How to fill in the fsid for file systems?

Rick Macklem rmacklem at uoguelph.ca
Fri Nov 2 15:51:32 UTC 2018


Andriy Gapon wrote:
>On 02/11/2018 08:45, Andriy Gapon wrote:
>> On 02/11/2018 04:24, Rick Macklem wrote:
>>> I have two comments. The first is related to the above and the second is a big
>>> picture question related to doing this.
>>>
>>> Specifically w.r.t. the above. I probably rambled and didn't make what I was
>>> trying to say clear, so I'll try again...
>>> - getfh(2) returns a file handle that is used for NFS, but is also used for system
>>>   calls (fhopen(2), fhstat(2) and fhstatfs(2)) that are not related to NFS.
>>>   --> A file handle isn't really NFS specific, although NFS is the big user of it.
>>> If the above is correct, then it seems that there should only be one kind of file handle.
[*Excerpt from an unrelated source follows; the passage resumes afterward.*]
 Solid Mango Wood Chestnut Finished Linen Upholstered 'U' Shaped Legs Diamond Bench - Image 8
>>> --> Since the fsid is a key part of a file handle, one kind of file handle implies one
>>>      kind of fsid.
>>> I just think trying to create two kinds of fsid and two kinds of file handle would
>>> make the code confusing and unnecessarily complex.
>>
>> As as far as I understand, VFS calls like, say, VOP_VPTOFH fill only the file ID
>> portion of the file handle, fh_fid.  fh_fsid is left to a caller, so potentially
>> we could already have a discrepancy there (but we don't).
>>
>> Also, I do not think that NFS uses getfh(2), but I could be wrong.  I think that
>> NFS, being in kernel, directly uses VFS interfaces like the mentioned VOP_VPTOFH.
>>
>> I am not sure if getfh(2) has any requirement that its result should be
>> compatible with anything NFS.  My impression is that it should only be usable
>> for fhopen(2) and the like.  But I can be wrong again.
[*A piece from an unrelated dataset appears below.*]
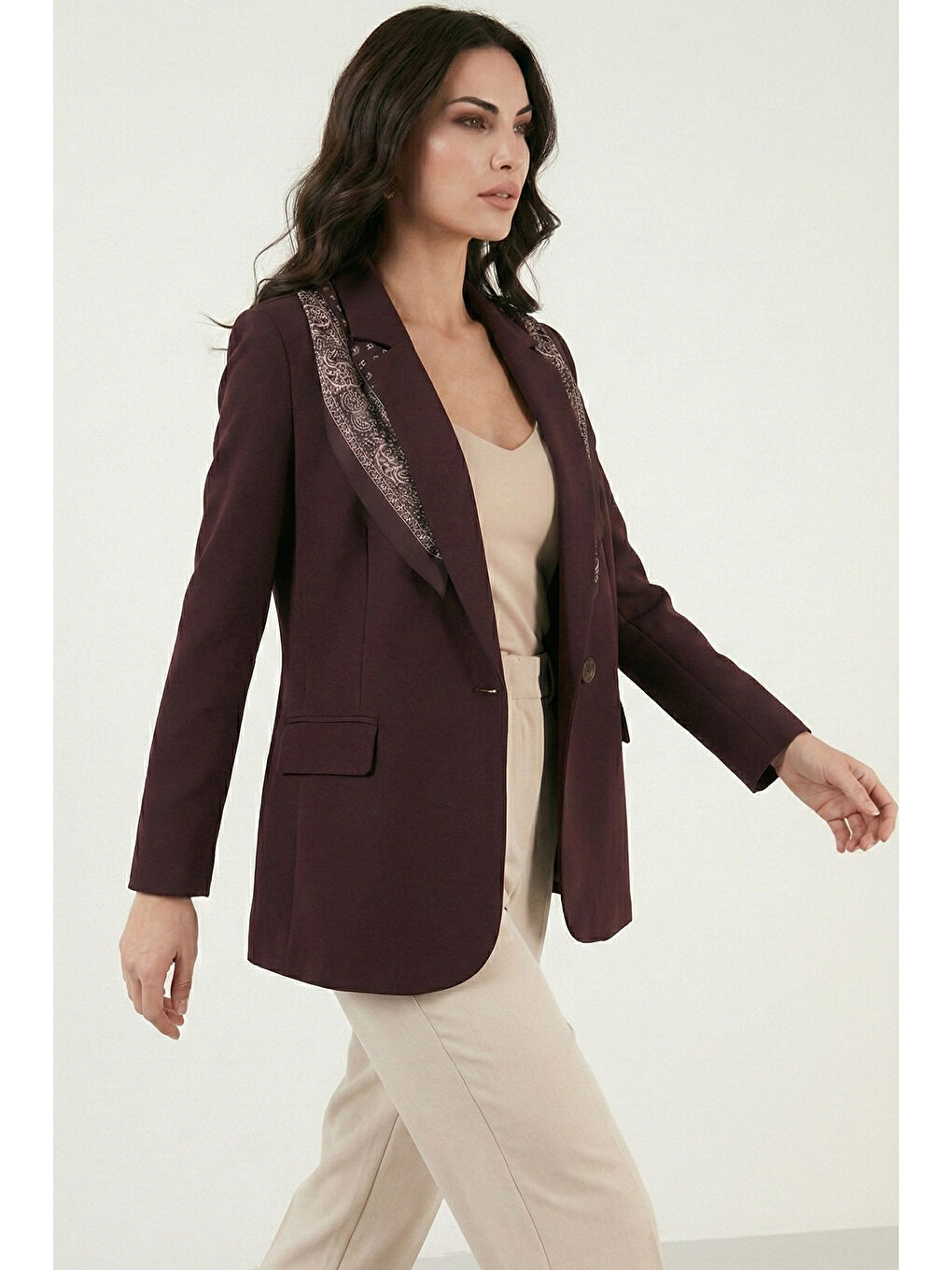 Mürdüm Slim Fit Şal Detaylı Kruvaze Yaka Kadın Ceket 6927665-3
mountd uses getfh(2) to acquire a file handle at mount time for a client. So, for
NFSv3 it does use getfh(2) to acquire the "root" file handle for the mount.
(Technically, it's the Mount protocol, but since that is required for NFSv3 mounting,
 you might as well call it NFS and this one needs to be an NFS usable file handle.)
>>
>> So, if any of my assumptions is wrong, then you are right, of course, and I
>> should withdraw my argument.
>> Thanks!
>>
>
>Looking through the actual code, it appears that rpc.lockd (and only it?) could
>be mixing NFS and local file handles...  I suspect, but not sure, that lockd
>could pass a file handle received "from NFS" to fhopen(2).
Good point. SInce the NLM isn't NFS I tend to forget about it.